Grilled Asian Sesame Salmon Kebabs and easy and delicious summer meal and perfect for entertaining. I think everyone loves food on a stick, because, it’s just fun, right? Skewers are also perfect for grilling. And salmon just has a natural affinity for Asian flavours.
I’m using wild sockeye for these kebabs, but did you know that there are five main species of wild Pacific salmon? Each one is distinct in its fat content, flesh colour, texture, and flavour.
Here’s a brief description of the varieties:
The Chinook, also called King salmon, is the largest and also has the highest fat content. It has a rich, full flavour, and flesh colour can range from white to a deep red. The texture is fairly firm with large flakes.

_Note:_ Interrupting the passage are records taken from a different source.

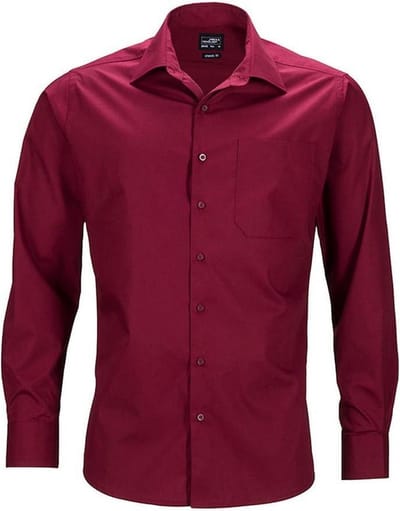 Daiber Heren Longsleeve Zakelijk Shirt (Wijn)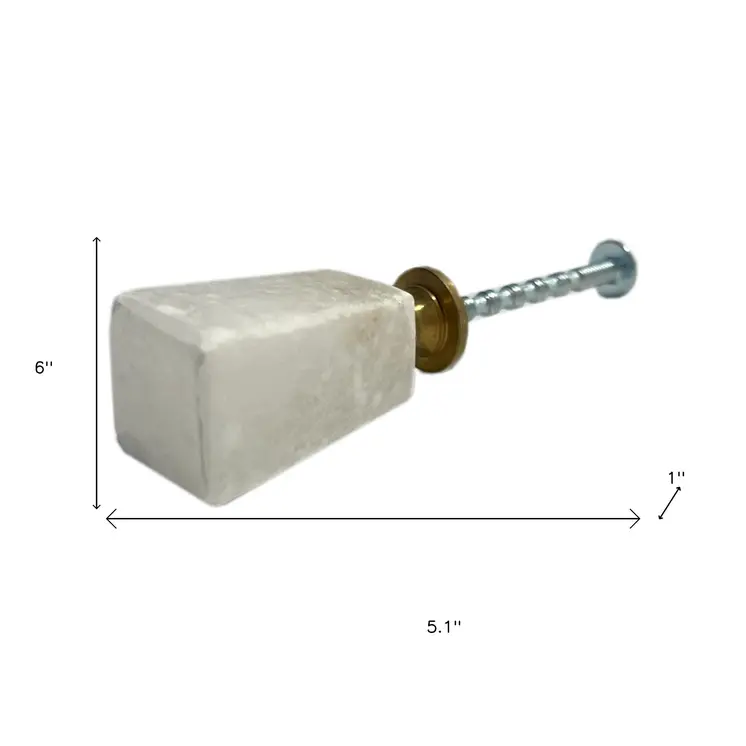 Set of Six White Stone Square Cylindrical Drawer Pull Knobs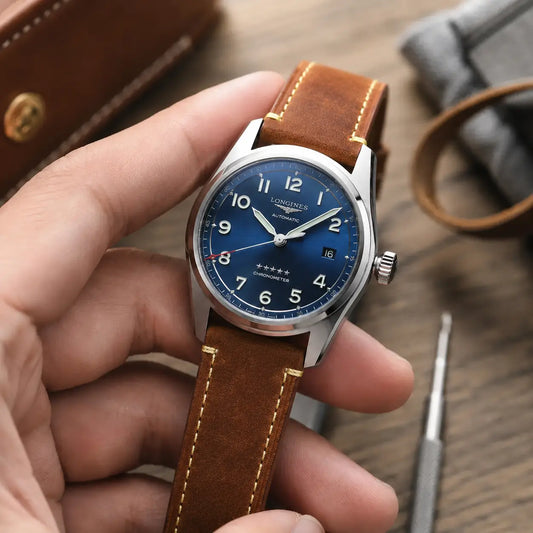 Close-up lifestyle image of a blue dial wristwatch fitted with a natural tan crazy horse leather strap, held between fingers against a warm studio background with soft depth of field and premium handcrafted styling.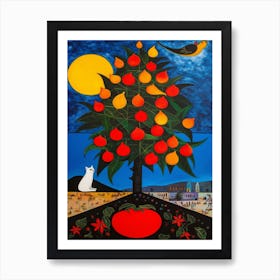 Poinsettia With A Cat 4 Surreal Joan Miro Style  Art Print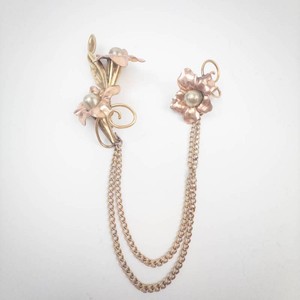 Vintage Bal Ron 12K Gold Filled Floral Double Chain Brooch Set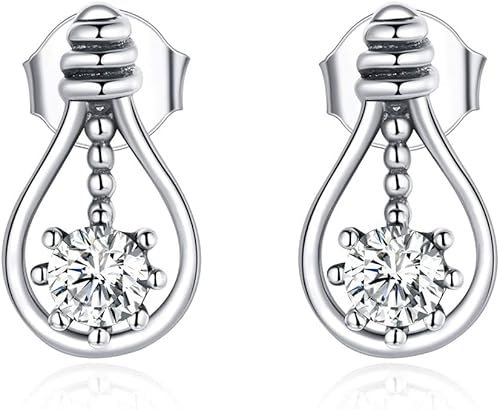 Sterling Silber Schmuck, Original -Design S925 Sterling Silber Kleiner Glühbirnen Diamantohrringe 925 Solid Silber Creative Nischentemperamentohrringe
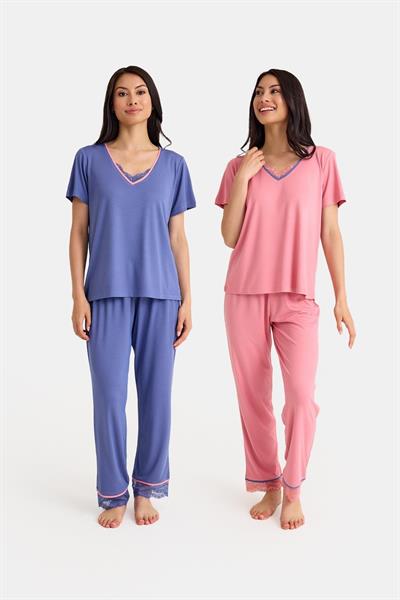 Dream Mavi/Pembe V Yaka Dantel Detaylı 4 Parça Pijama Takım Set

My favourite salmon, Sockeye also have a higher fat content. The flavour is also rich and full, and more intense. The flesh colour is deep red or orange and texture is firm and flaky.

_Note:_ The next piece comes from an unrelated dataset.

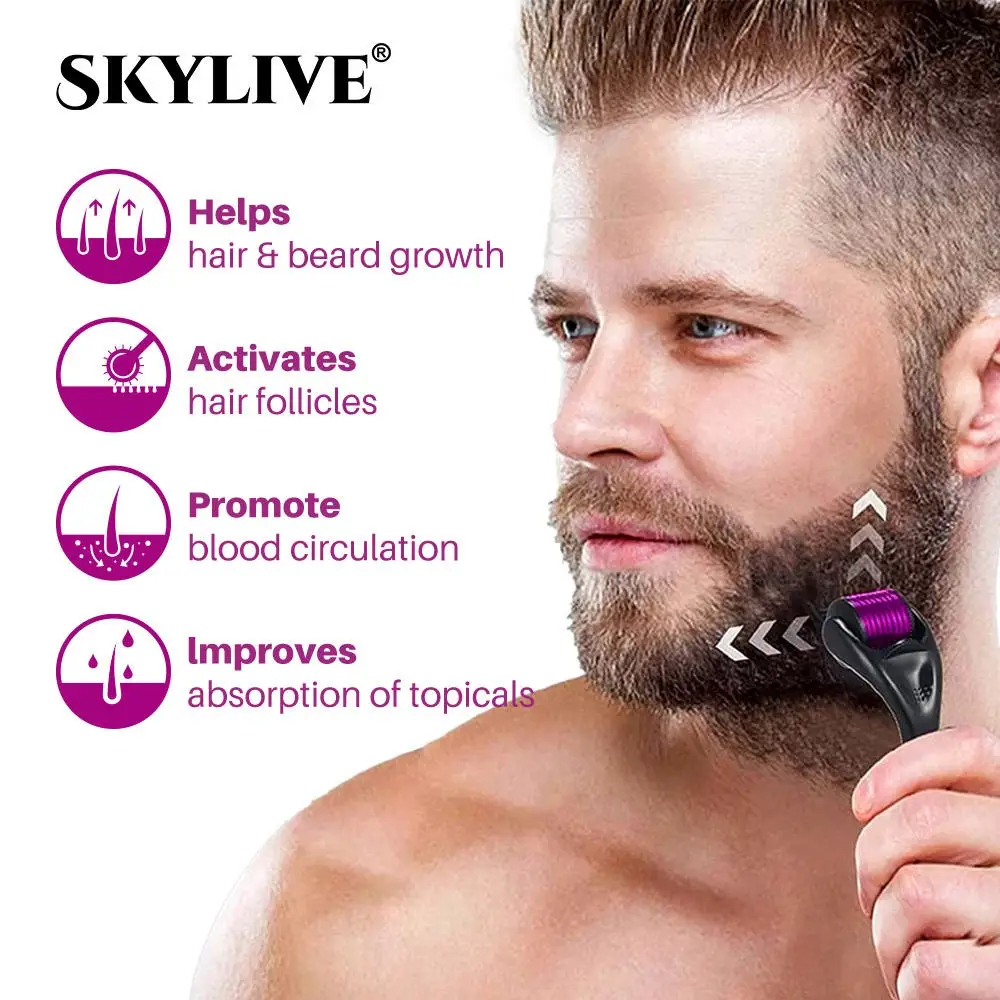 540 Titanium Derma Roller 0.5mm Microneedle Skin Care Roller for Face Beard Hair Growth Acne Scar Skin Rejuvenation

Coho has a milder and more delicate flavour. It has a reddish-orange coloured flesh and a fine-textured firmness.
Pinks are the smallest of the salmon species and have a very mild flavour and a delicate, pale coloured flesh.

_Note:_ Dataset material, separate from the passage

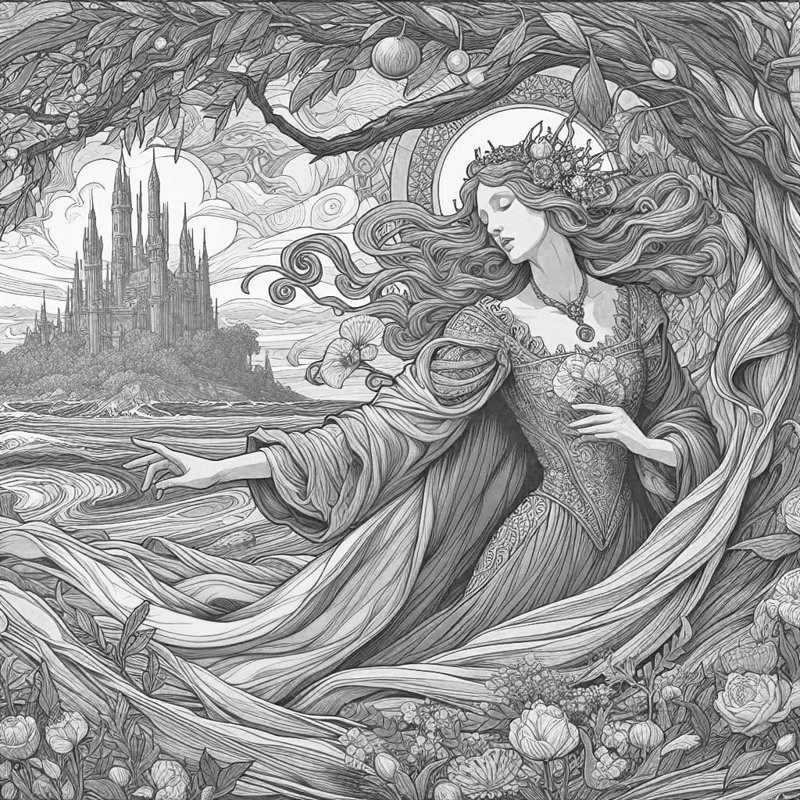 Enchanted Elegance Line Art Canvas Print, 20" H x 20" W x 1.5" D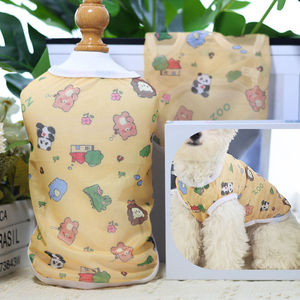 Chaleco de malla para mascotas, diseño de dibujos animados, bonito, de verano, para gatos y perros, diseño a cuadros, fino, transpirable, colores amarillo, azul y blanco - Product Image 4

Chum has a low fat content and a mild and delicate flavour. Its flesh is reddish-pink with a firm, dry texture.
In summary, use the first two salmon species: Chinook, and Sockeye, for the grill, for roasting, and for any dish where you want the salmon to shine. Use Coho, for a milder, but still delicious salmon flavour, that will show off an amazing sauce. Pink and Chum salmon are best for soups, stocks, or stews.
We all need to eat more salmon. Why? Because it’s one of the most nutritious foods available. You know that fat content I talked about above? That’s a great thing. Because that fat contains heart, brain, and skin healthy omega 3 fatty acids.
Salmon is low in calories but high in protein and vitamin D, as well as selenium, niacin, and B vitamins. Read more about the benefits of eating salmon here: Salmon Nutrition Facts
Salmon, because it is a rich and oily fish, with all of that wonderful good fat, is a fantastic candidate for the grill. However, It’s important not to overcook salmon, or it will be very dry and crumbly.
Perfectly cooked fish should flake easily and still have some translucency in the centre. The salmon will also retain heat and continue to cook after removing from the grill.
What to Serve with Grilled Salmon Kebabs
Serve these grilled Asian salmon kebabs with rice, or with a seasonal summer salad, like Tomato Peach Salad, or Cucumber Melon Salad. And for more ways to cook salmon, check out Alder Planked Salmon – How to Cook Planked Salmon
Grilled Asian Salmon Kebabs
- bamboo or metal skewers
- 11/2 lb salmon fillet skin removed
- 1/4 cup soy sauce
- 1/4 cup brown sugar
- 3 tbsp sesame oil
- 2 tbsp lime juice
- 2 garlic cloves minced
- 2 tbsp fresh ginger grated
- 1/2 tsp red pepper flakes
- 2 red bell peppers cut into 1" pieces
- 1/2 red onion cut into 1" pieces
- If using bamboo skewers, soak them in water for 30 minutes before threading
- Cut salmon fillet into 1" pieces.
- Beginning and ending with the vegetables, thread the salmon, bell pepper, and onion pieces on the soaked skewers. You should have 8 skewers. Put the skewers in a shallow dish
- In a bowl, whisk together the soy sauce, brown sugar, sesame oil, lime juice, garlic, ginger, and red pepper flakes.
- Pour the soy mixture over the threaded skewers and set aside while the grill heats.
- Heat grill on medium-high and spray with cooking oil spray.
- Grill skewers, brushing with extra marinade, turning, about 10 minutes
- garnish with chopped scallion and serve.